| 17.9°C Dublin

Training tips: breathing, hydration and fuel for the body


  Sabrina Carey, from Elverys' Power Team, with Team Herald's Jennifer Reid

Sabrina Carey, from Elverys' Power Team, with Team Herald's Jennifer Reid

Sabrina Carey, from Elverys' Power Team, with Team Herald's Jennifer Reid

Whether a walker, jogger or runner, you must follow this advice – don't forget to breathe. Here are some tips on breathing that can be incorporated into training in the lead up to the Flora Women's Mini Marathon.

Focus on the exhale, as you will always remember to breathe in. Exhaling will empty your lungs and create a vacuum for air to rush back into the lungs.

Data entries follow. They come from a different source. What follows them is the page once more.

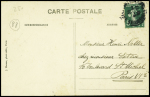 Carte postale "Monoplan Tellier piloté par Château" avec signature "Edouard Château Boulogne-s-S 1911". TB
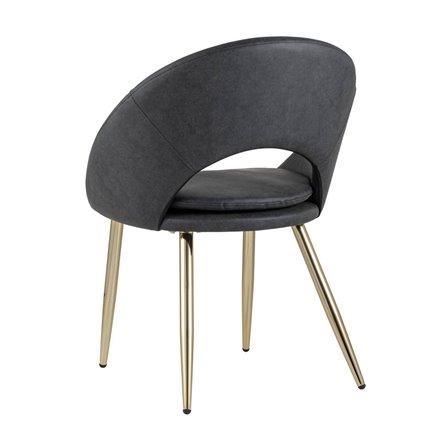 мягкий обеденный Кензи обивка экокожа цвет серый, золотые ножки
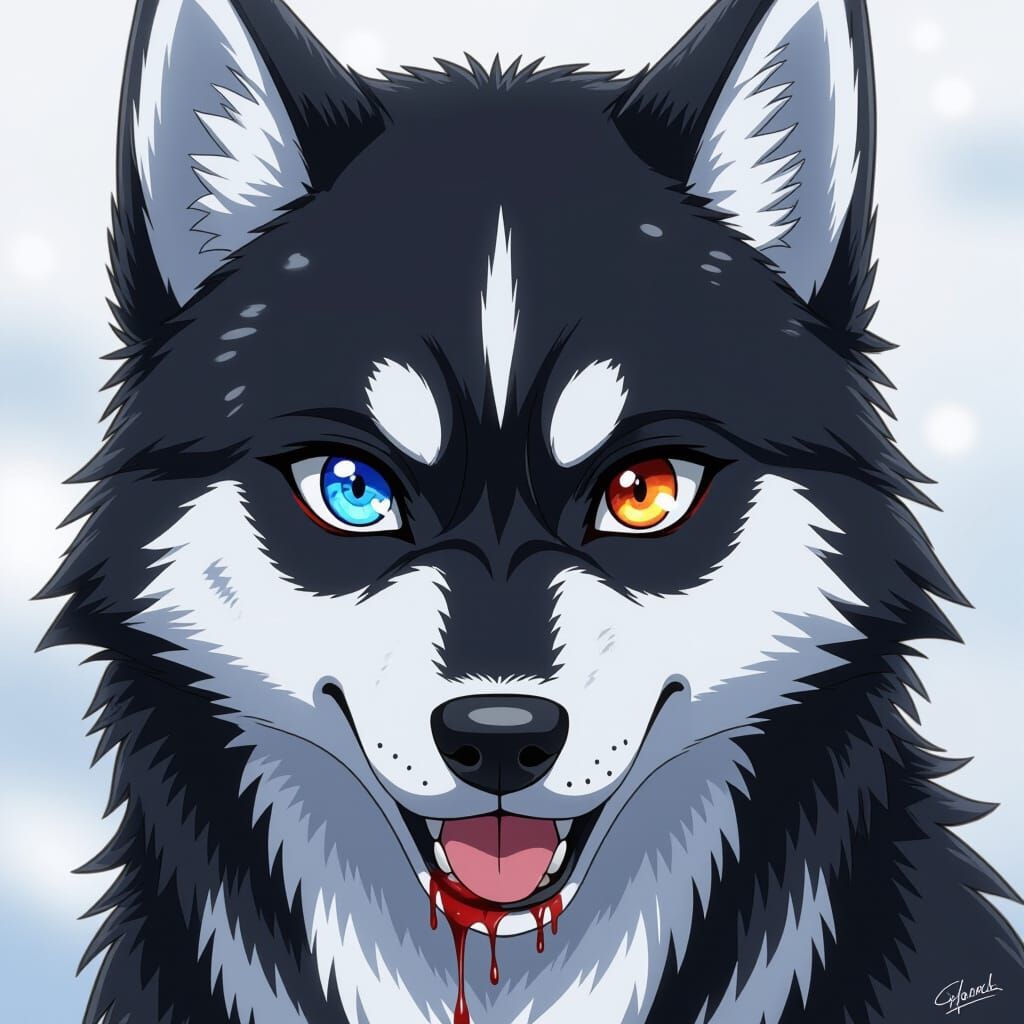 Anime Black Husky with Heterochromia and Blood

This is an excellent technique to use if you get short of breath while training or find it hard to maintain a steady rhythm.

Take deep breaths ("tummy-breathe") with the aim being to draw your breath into the lower part of your lungs. Oxygen delivery to the blood is optimal here, meaning improved performance.

Good posture will make breathing easier, as it allows your chest cavity to expand and retract as required. Maintaining an upright posture and avoiding slouching or hunching forward is best. If you struggle to do this on a daily basis, I recommend performing pilates to strengthen core and stabilising muscles. Drop your shoulders back and down, away from your ears, to automatically relax your upper body. Do this several times a day – at work, in the car, at training.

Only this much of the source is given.